§ Given information:
::::

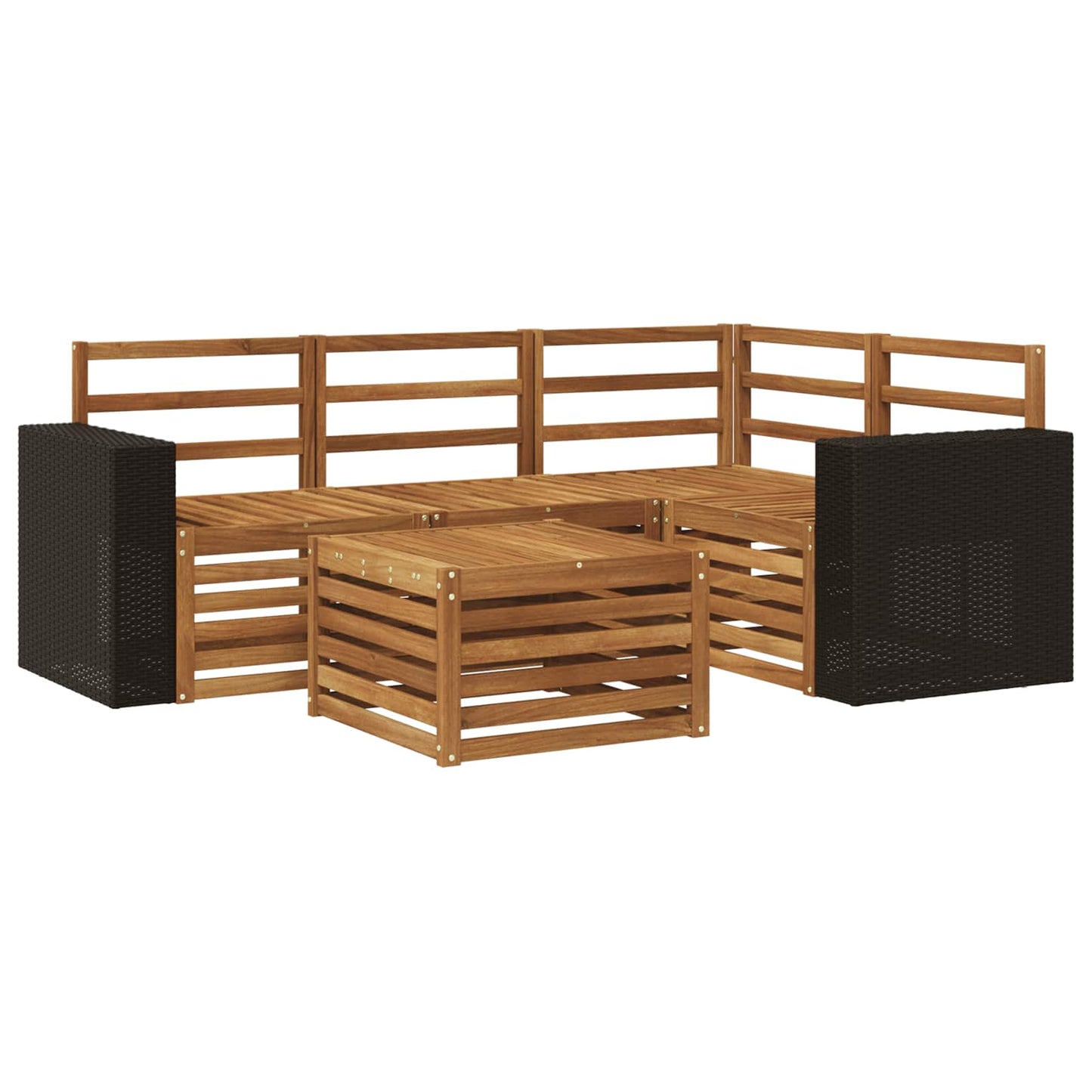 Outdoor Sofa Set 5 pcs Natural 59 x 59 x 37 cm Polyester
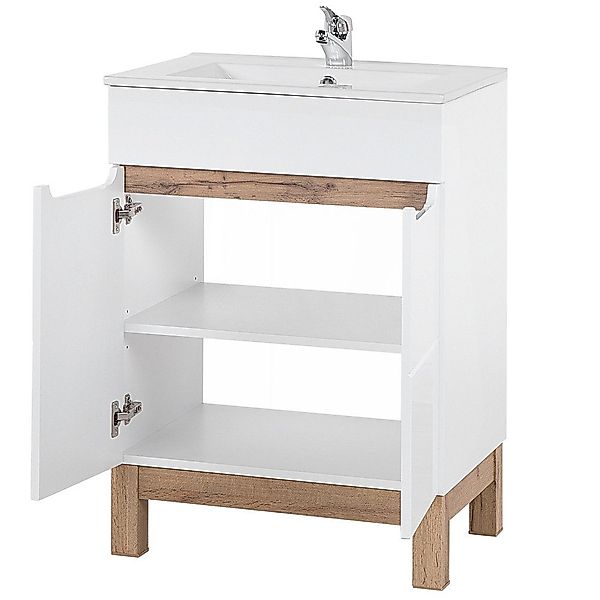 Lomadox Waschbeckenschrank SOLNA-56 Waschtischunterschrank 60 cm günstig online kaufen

::::

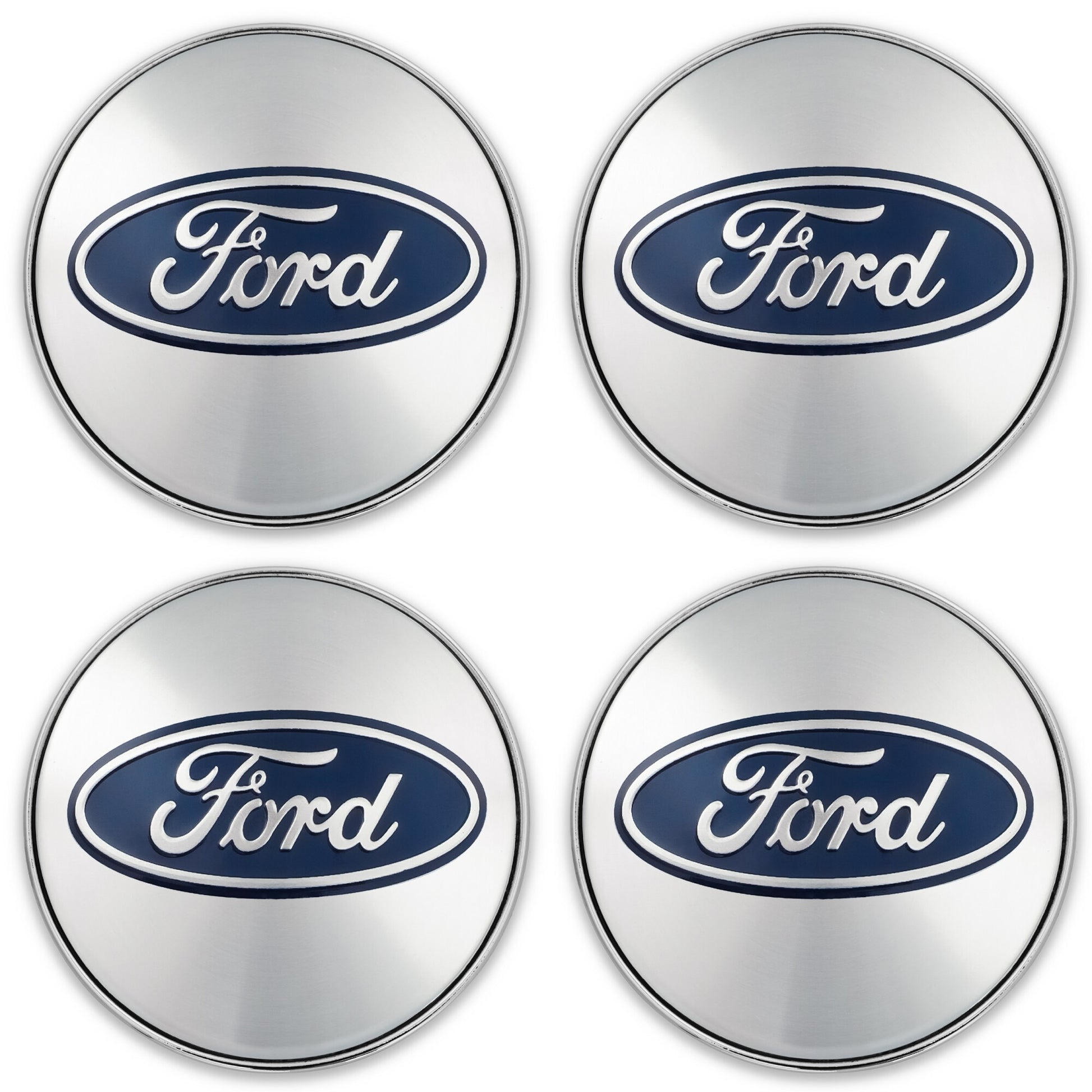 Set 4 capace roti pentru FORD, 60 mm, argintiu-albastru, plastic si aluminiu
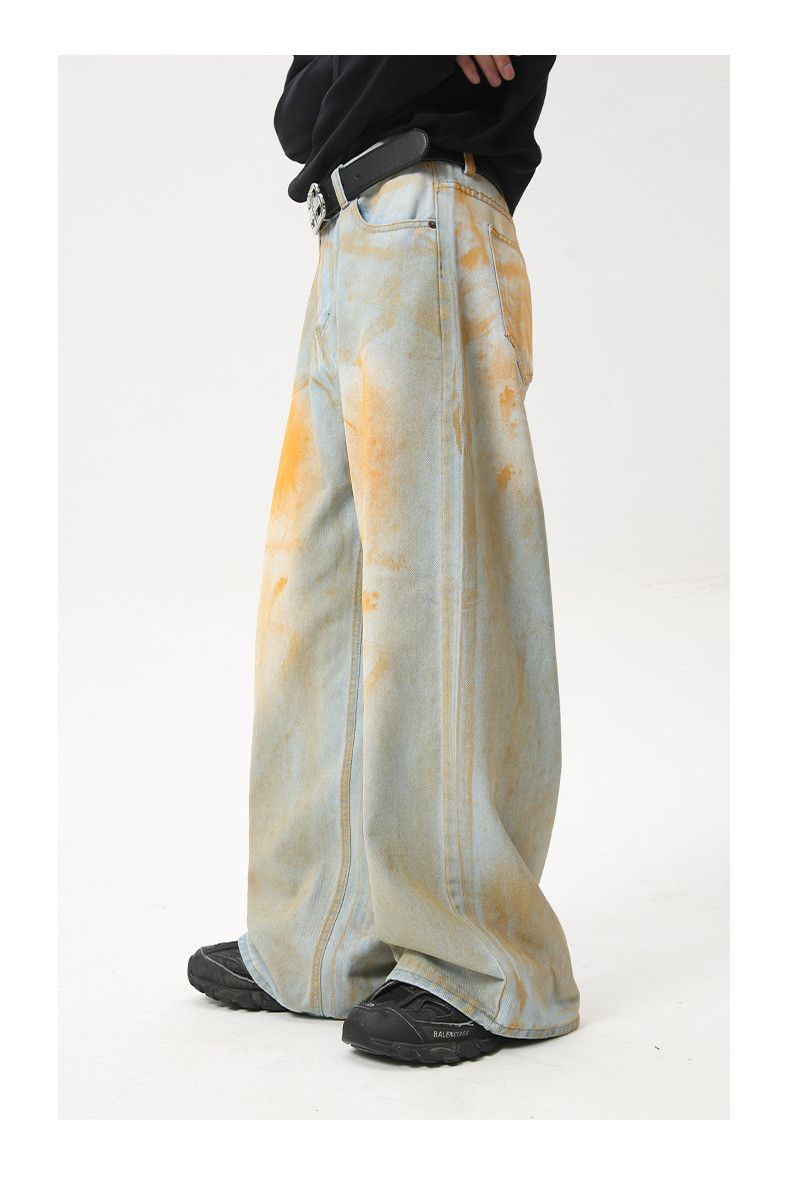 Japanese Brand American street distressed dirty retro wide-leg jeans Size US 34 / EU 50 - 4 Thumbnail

::::

The material above holds pictures; leave them out. Repeat exactly the lines from the one containing "Outdoor Sofa Set" through the one containing "Lomadox Waschbeckenschrank SOLNA-56", and nothing else.

 Outdoor Sofa Set 5 pcs Natural 59 x 59 x 37 cm Polyester
 Lomadox Waschbeckenschrank SOLNA-56 Waschtischunterschrank 60 cm günstig online kaufen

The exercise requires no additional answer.